USD/JPY had been growing since Tuesday before it settled above the 112.00 level. One of the reasons for the recovery, apart from the approval of the tax cut bill, was a technical correction.
But today we see another decline. As usual, USD lost some points due to weaker Treasury yields. But, also, the market is now concentrated on the Fed’s monetary policy path for 2018.
From the one side, the latest Yellen’s comments confirmed the idea the current inflation and economic stance does not require the immediate rate hike in the near future after December. This may contribute to the pair’s sell-off. From the other side, the stronger-than-forecast US GDP for the third quarter, a positive outlook for the economic growth in the fourth quarter and the possible approval of the Trump’s reform are positive for the USD/JPY growth potential.
Anyways, even if USD/JPY is able to surpass the 112.50 level, the pair will meet a strong resistance area around 114.50 level.
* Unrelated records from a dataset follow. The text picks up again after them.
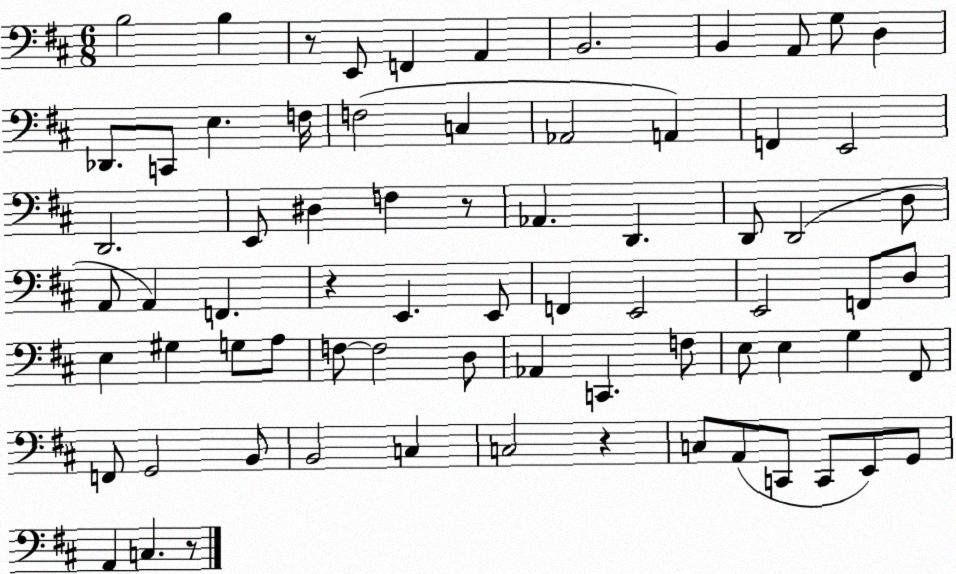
X:1
T:Untitled
M:6/8
L:1/4
K:D
B,2 B, z/2 E,,/2 F,, A,, B,,2 B,, A,,/2 G,/2 D, _D,,/2 C,,/2 E, F,/4 F,2 C, _A,,2 A,, F,, E,,2 D,,2 E,,/2 ^D, F, z/2 _A,, D,, D,,/2 D,,2 D,/2 A,,/2 A,, F,, z E,, E,,/2 F,, E,,2 E,,2 F,,/2 D,/2 E, ^G, G,/2 A,/2 F,/2 F,2 D,/2 _A,, C,, F,/2 E,/2 E, G, ^F,,/2 F,,/2 G,,2 B,,/2 B,,2 C, C,2 z C,/2 A,,/2 C,,/2 C,,/2 E,,/2 G,,/2 A,, C, z/2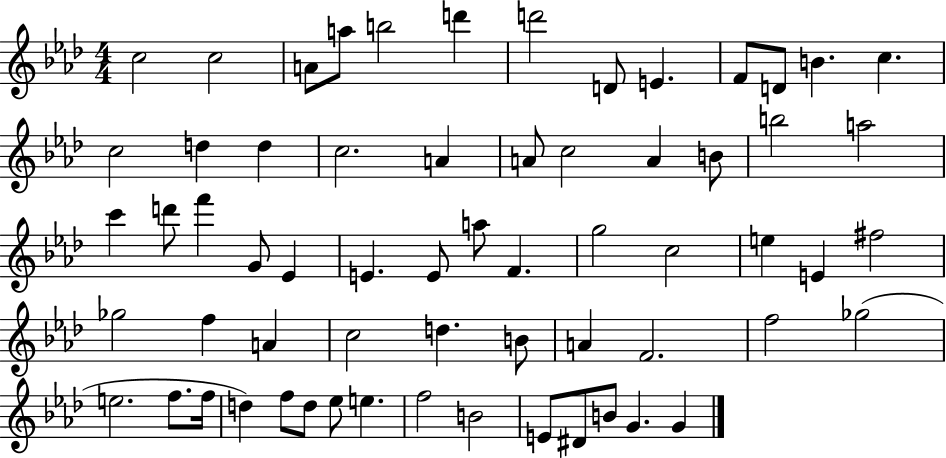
X:1
T:Untitled
M:4/4
L:1/4
K:Ab
c2 c2 A/2 a/2 b2 d' d'2 D/2 E F/2 D/2 B c c2 d d c2 A A/2 c2 A B/2 b2 a2 c' d'/2 f' G/2 _E E E/2 a/2 F g2 c2 e E ^f2 _g2 f A c2 d B/2 A F2 f2 _g2 e2 f/2 f/4 d f/2 d/2 _e/2 e f2 B2 E/2 ^D/2 B/2 G G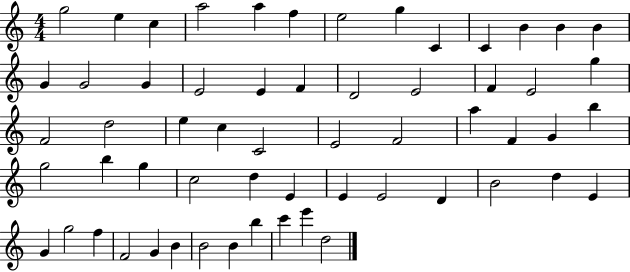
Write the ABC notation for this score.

X:1
T:Untitled
M:4/4
L:1/4
K:C
g2 e c a2 a f e2 g C C B B B G G2 G E2 E F D2 E2 F E2 g F2 d2 e c C2 E2 F2 a F G b g2 b g c2 d E E E2 D B2 d E G g2 f F2 G B B2 B b c' e' d2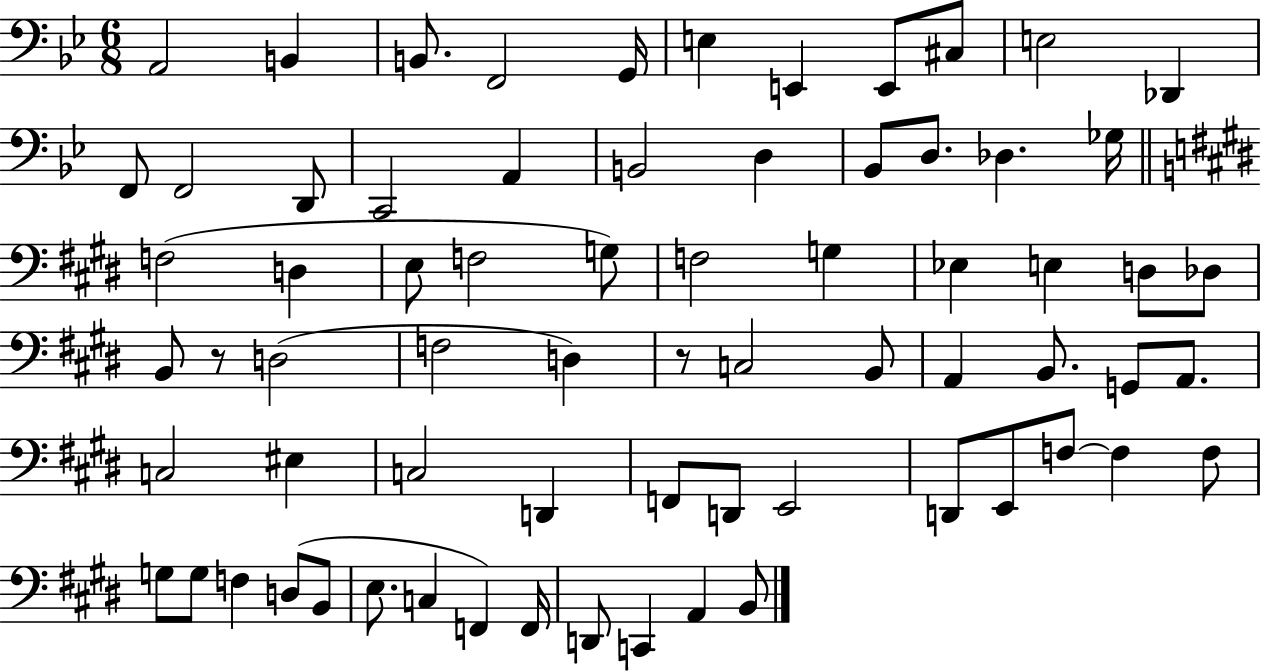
A2/h B2/q B2/e. F2/h G2/s E3/q E2/q E2/e C#3/e E3/h Db2/q F2/e F2/h D2/e C2/h A2/q B2/h D3/q Bb2/e D3/e. Db3/q. Gb3/s F3/h D3/q E3/e F3/h G3/e F3/h G3/q Eb3/q E3/q D3/e Db3/e B2/e R/e D3/h F3/h D3/q R/e C3/h B2/e A2/q B2/e. G2/e A2/e. C3/h EIS3/q C3/h D2/q F2/e D2/e E2/h D2/e E2/e F3/e F3/q F3/e G3/e G3/e F3/q D3/e B2/e E3/e. C3/q F2/q F2/s D2/e C2/q A2/q B2/e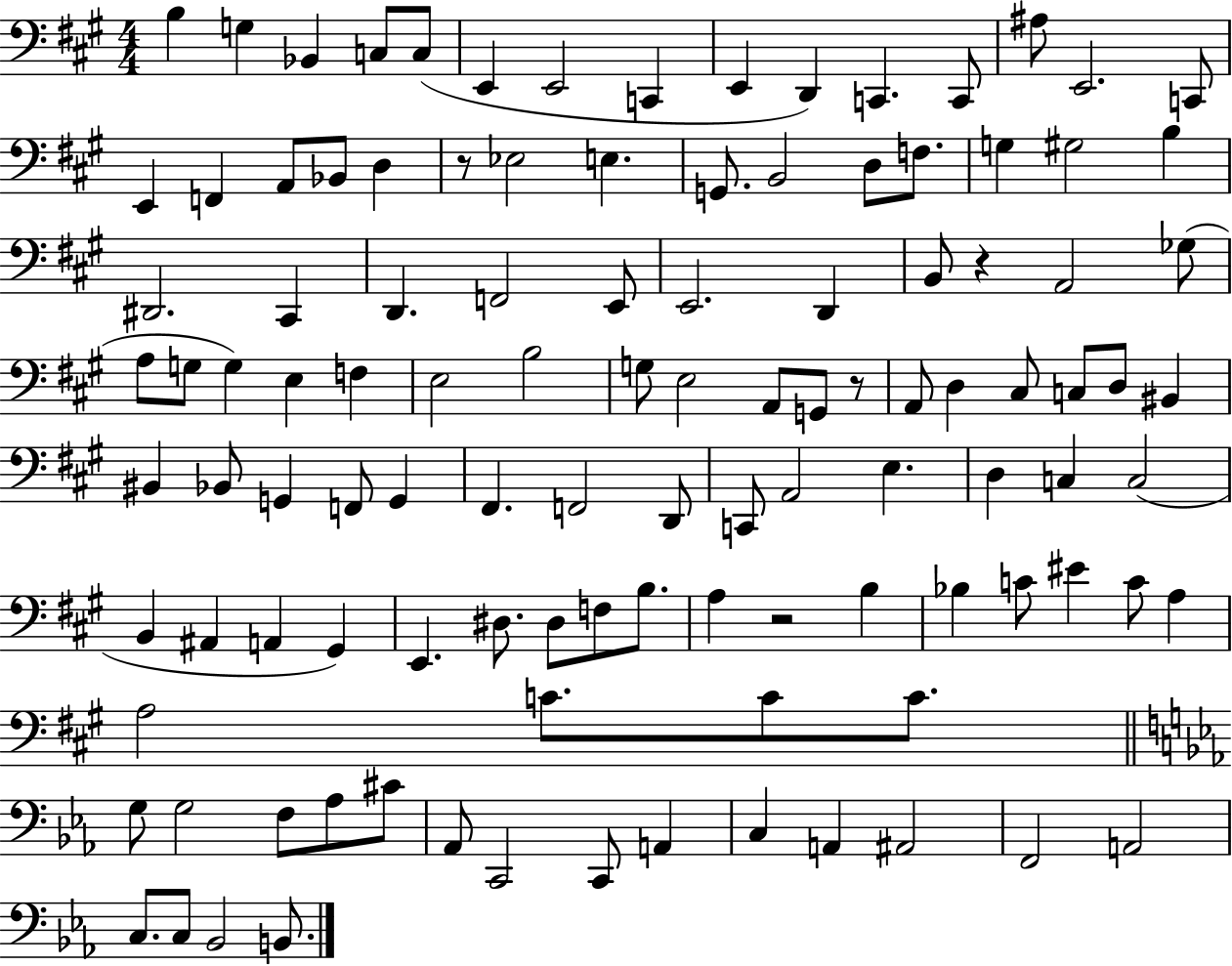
B3/q G3/q Bb2/q C3/e C3/e E2/q E2/h C2/q E2/q D2/q C2/q. C2/e A#3/e E2/h. C2/e E2/q F2/q A2/e Bb2/e D3/q R/e Eb3/h E3/q. G2/e. B2/h D3/e F3/e. G3/q G#3/h B3/q D#2/h. C#2/q D2/q. F2/h E2/e E2/h. D2/q B2/e R/q A2/h Gb3/e A3/e G3/e G3/q E3/q F3/q E3/h B3/h G3/e E3/h A2/e G2/e R/e A2/e D3/q C#3/e C3/e D3/e BIS2/q BIS2/q Bb2/e G2/q F2/e G2/q F#2/q. F2/h D2/e C2/e A2/h E3/q. D3/q C3/q C3/h B2/q A#2/q A2/q G#2/q E2/q. D#3/e. D#3/e F3/e B3/e. A3/q R/h B3/q Bb3/q C4/e EIS4/q C4/e A3/q A3/h C4/e. C4/e C4/e. G3/e G3/h F3/e Ab3/e C#4/e Ab2/e C2/h C2/e A2/q C3/q A2/q A#2/h F2/h A2/h C3/e. C3/e Bb2/h B2/e.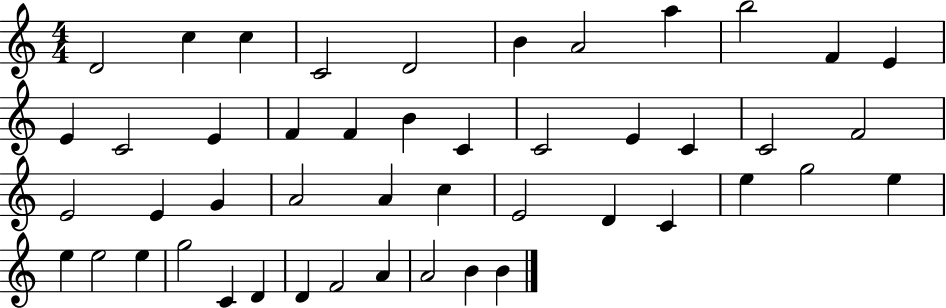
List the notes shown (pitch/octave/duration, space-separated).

D4/h C5/q C5/q C4/h D4/h B4/q A4/h A5/q B5/h F4/q E4/q E4/q C4/h E4/q F4/q F4/q B4/q C4/q C4/h E4/q C4/q C4/h F4/h E4/h E4/q G4/q A4/h A4/q C5/q E4/h D4/q C4/q E5/q G5/h E5/q E5/q E5/h E5/q G5/h C4/q D4/q D4/q F4/h A4/q A4/h B4/q B4/q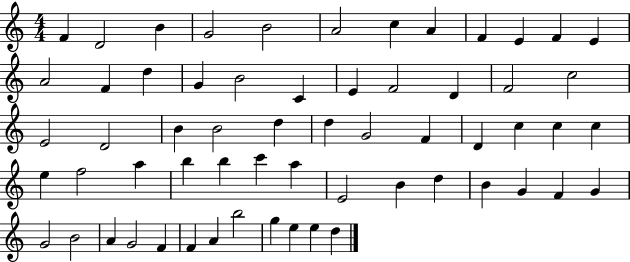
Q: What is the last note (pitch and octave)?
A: D5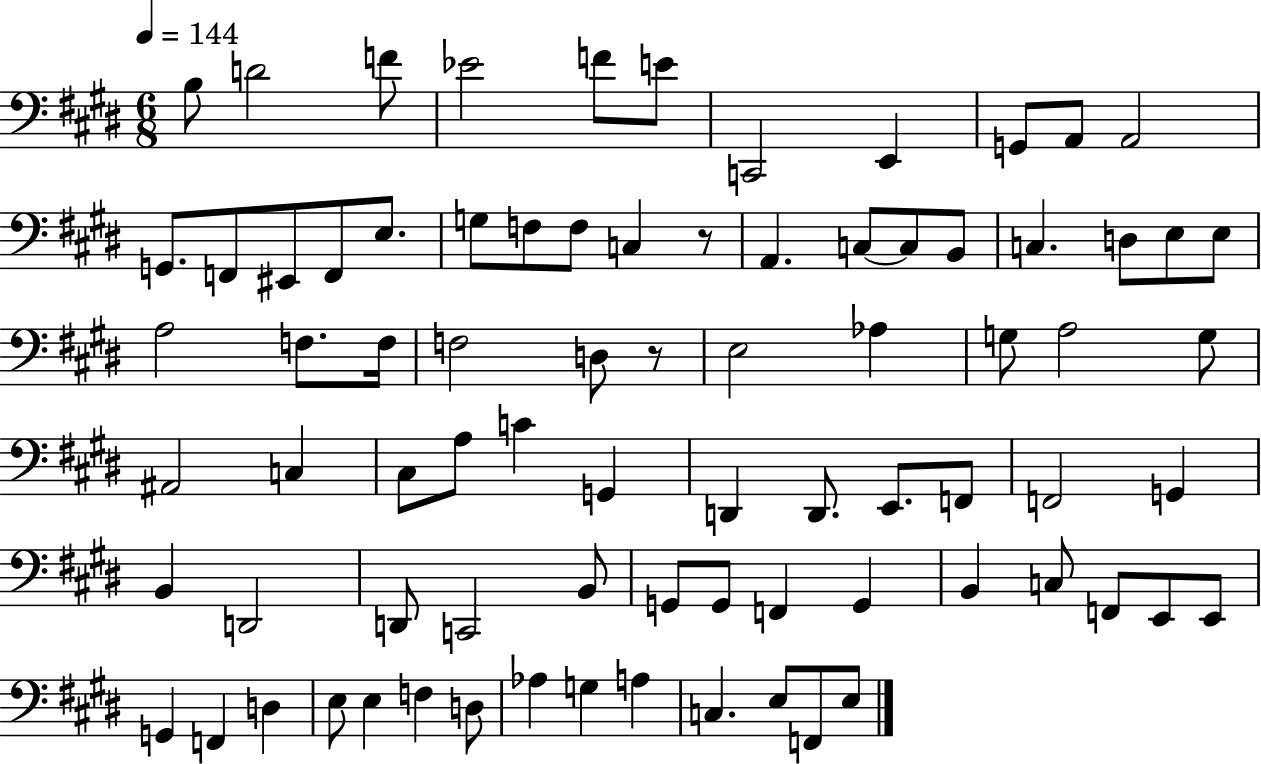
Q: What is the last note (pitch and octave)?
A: E3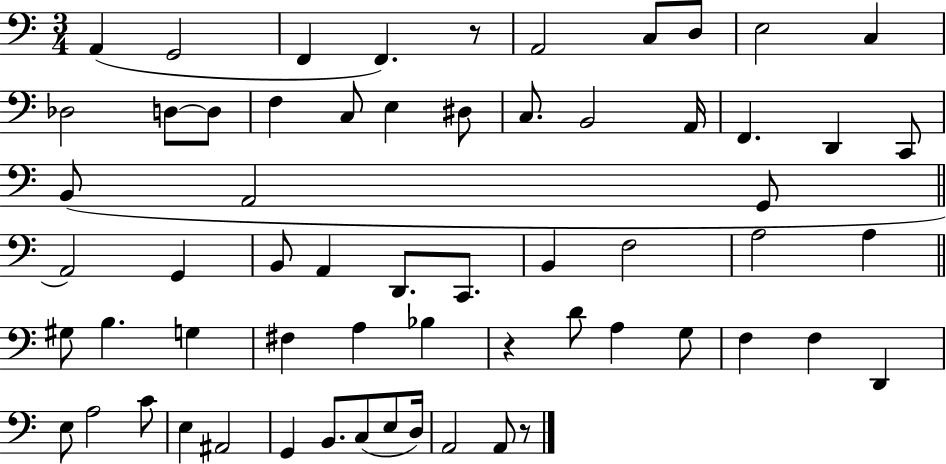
A2/q G2/h F2/q F2/q. R/e A2/h C3/e D3/e E3/h C3/q Db3/h D3/e D3/e F3/q C3/e E3/q D#3/e C3/e. B2/h A2/s F2/q. D2/q C2/e B2/e A2/h G2/e A2/h G2/q B2/e A2/q D2/e. C2/e. B2/q F3/h A3/h A3/q G#3/e B3/q. G3/q F#3/q A3/q Bb3/q R/q D4/e A3/q G3/e F3/q F3/q D2/q E3/e A3/h C4/e E3/q A#2/h G2/q B2/e. C3/e E3/e D3/s A2/h A2/e R/e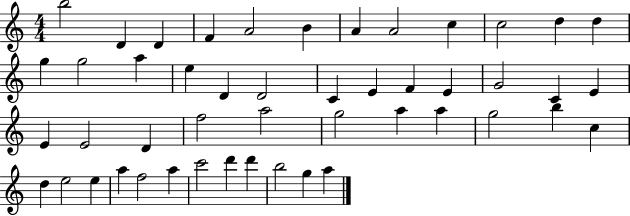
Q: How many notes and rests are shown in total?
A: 48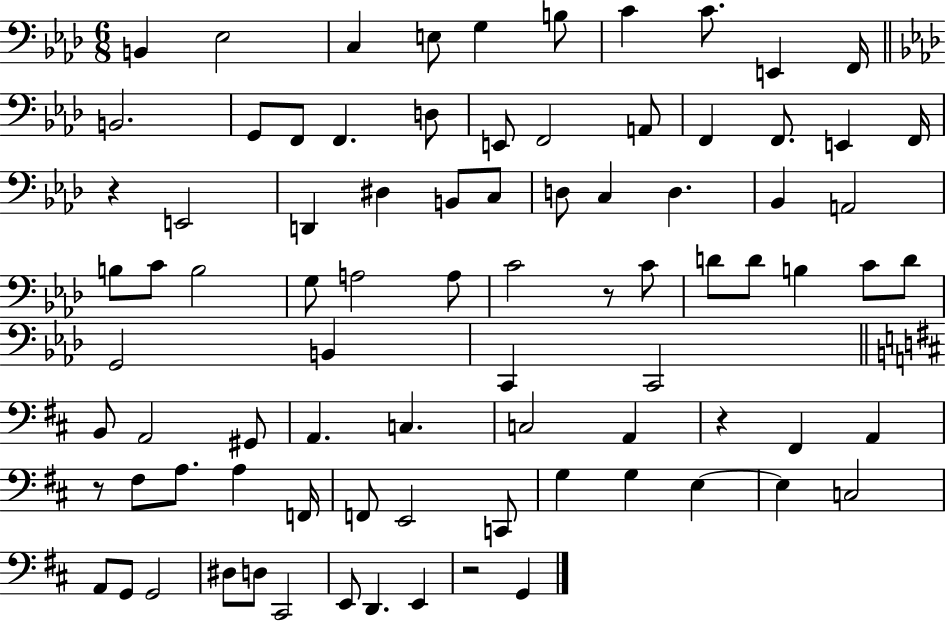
B2/q Eb3/h C3/q E3/e G3/q B3/e C4/q C4/e. E2/q F2/s B2/h. G2/e F2/e F2/q. D3/e E2/e F2/h A2/e F2/q F2/e. E2/q F2/s R/q E2/h D2/q D#3/q B2/e C3/e D3/e C3/q D3/q. Bb2/q A2/h B3/e C4/e B3/h G3/e A3/h A3/e C4/h R/e C4/e D4/e D4/e B3/q C4/e D4/e G2/h B2/q C2/q C2/h B2/e A2/h G#2/e A2/q. C3/q. C3/h A2/q R/q F#2/q A2/q R/e F#3/e A3/e. A3/q F2/s F2/e E2/h C2/e G3/q G3/q E3/q E3/q C3/h A2/e G2/e G2/h D#3/e D3/e C#2/h E2/e D2/q. E2/q R/h G2/q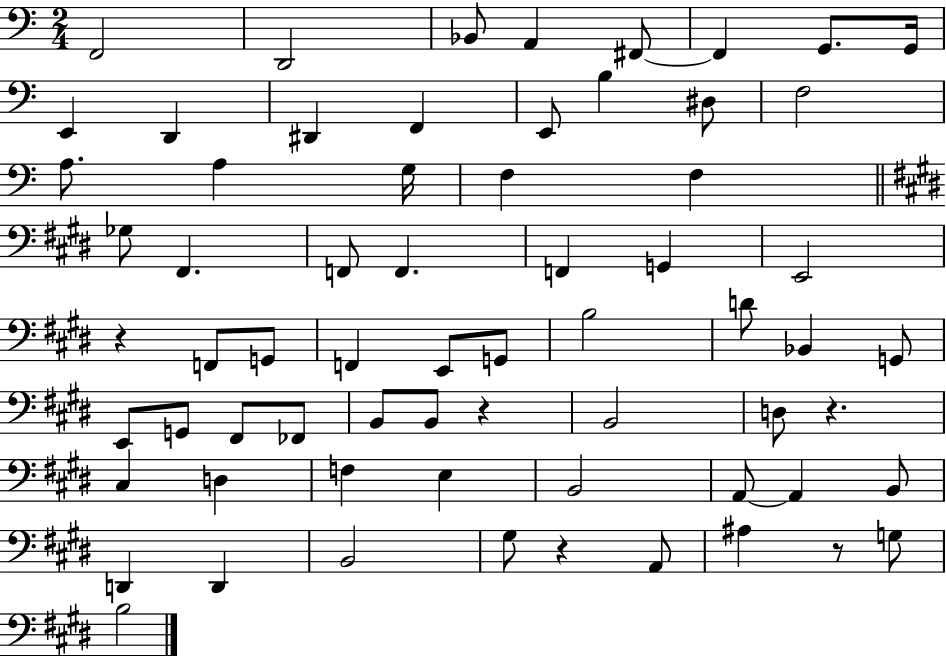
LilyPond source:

{
  \clef bass
  \numericTimeSignature
  \time 2/4
  \key c \major
  f,2 | d,2 | bes,8 a,4 fis,8~~ | fis,4 g,8. g,16 | \break e,4 d,4 | dis,4 f,4 | e,8 b4 dis8 | f2 | \break a8. a4 g16 | f4 f4 | \bar "||" \break \key e \major ges8 fis,4. | f,8 f,4. | f,4 g,4 | e,2 | \break r4 f,8 g,8 | f,4 e,8 g,8 | b2 | d'8 bes,4 g,8 | \break e,8 g,8 fis,8 fes,8 | b,8 b,8 r4 | b,2 | d8 r4. | \break cis4 d4 | f4 e4 | b,2 | a,8~~ a,4 b,8 | \break d,4 d,4 | b,2 | gis8 r4 a,8 | ais4 r8 g8 | \break b2 | \bar "|."
}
No matter what, the Yen is under pressure and the dollar is in favour. It’s unlikely that the Central Bank of the Land of the Rising Sun has the intention to start unwinding its stimulus programme. The Bank of Japan is not ready to act, and it will probably maintain its expansionary policy during the upcoming months. Or years.
So, the pair’s decline is correctional. Our next target is November,24 and 28 highs at 111.60. The breakout of this area will aim the pair to the recent November lows at 111.00. We may use the current slump as a good opportunity for buying.